Auch Wiener Staatsanwälte ermitteln inzwischen gegen den mutmaßlichen Folterer aus den Reihen des Sicherheitsapparats von Syriens Machthaber Assad. Mit im Fokus stehen auch österreichischen Agenten, die ihn geholt und möglicherweise auch vor Strafverfolgung geschützt hatten.

Wertvolle Quelle mit Insiderinformationen aus dem Staatsapparat

Laut österreichischen Akten hätten die Israelis 2015 mit Khalid al-Halabi einen „hochrangigen syrischen Nachrichtendienstoffizier“ als Quelle gewonnen. Die Agenten beider Länder hätten eine streng geheime Kooperation vereinbart - die Operation „White Milk“. Grund dafür: Der Ex-General solle „wesentliche Informationen bezüglich des syrischen Nachrichtendienstapparats verfügen“.

Halabi hatte sich zunächst nach Frankreich abgesetzt. Dort habe es Probleme mit der französische Asylbehörde gegeben. Die Behörden hätten den Verdacht geäußert, Halabi könnte für schwere Menschenrechtsverletzungen in Syrien verantwortlich sein. Sein Asylantrag in Frankreich sollte deshalb abgelehnt werden.

Aus diesem Grund habe der Mossad den Ex-General nach Österreich bringen wollen. Die offizielle Lesart lautete aber, es gebe „Kommunikationsproblemen“ mit dem Inlandsnachrichtendienst. Israel habe den Überläufer Halabi schützen wollen. Immerhin habe der Mann interne Kenntnisse über „höchste Staatsgeheimnisse“ verfügt.

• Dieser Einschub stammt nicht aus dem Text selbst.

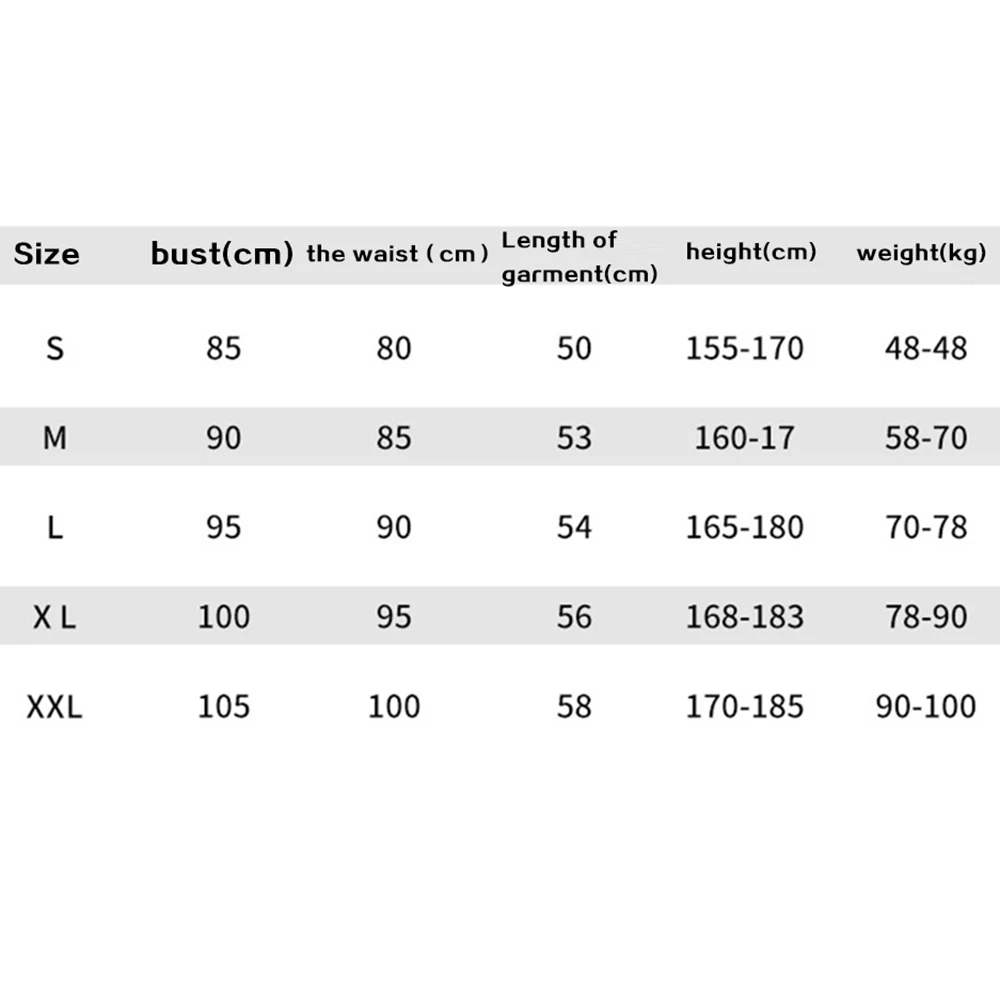 Спасательный жилет для взрослых неопреновый плавучий плавания катания на лодке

Verfassungsschutz zahlte Miete, Halabi spendete an Caritas

Mossad-Agenten hätten das „Paket“ Hakabi heimlich in einem Auto von Frankreich zum Grenzübergang Walserberg bei Salzburg gebracht. Das österreichische Bundesamt für Verfassungsschutz und Terrorismusbekämpfung (BVT) habe ihn dem Bericht zufolge heimlich ins Land geschmuggelt und zu seiner Asylanhörung begleitet. Laut Protokoll behauptete Halabi, er habe Syrien verlassen müssen. Er habe sich weder auf die Seite des Assad-Regimes noch auf die der bewaffneten Opposition schlagen wollen. „In beiden Fällen müsste ich töten“ und er habe kein Blut an den Händen haben wollen, gab er zu Protokoll.

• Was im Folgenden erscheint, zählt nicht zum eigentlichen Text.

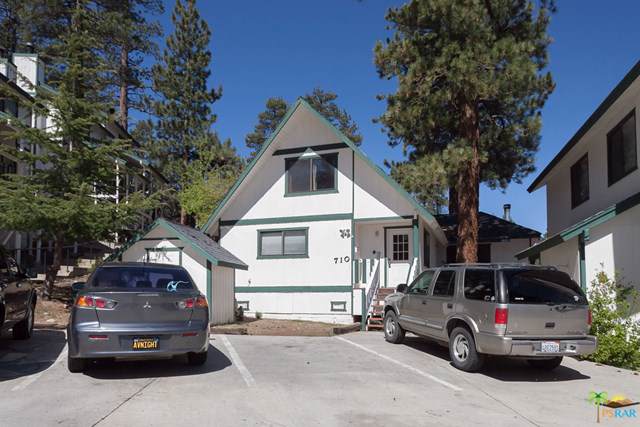 710 Paine Road - Photo 1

Für die erste Zeit habe Halabi in Wien-Favoriten in der Wohnung des Schwiegervaters eines BVT-Beamten gewohnt. Später habe er eine geräumige 111-Quadratmeter-Wohnung bezogen. Laut „Spiegel“ wurde die Miete von knapp 1000 Euro von einem Konto bei der Raiffeisenbank beglichen. Das Konto sei von einem Verfassungsschützer unter dem Tarnnamen Alexander L. angelegt worden. Laut Bericht soll der Mossad dem BVT regelmäßig 5000 Euro in bar übergeben haben.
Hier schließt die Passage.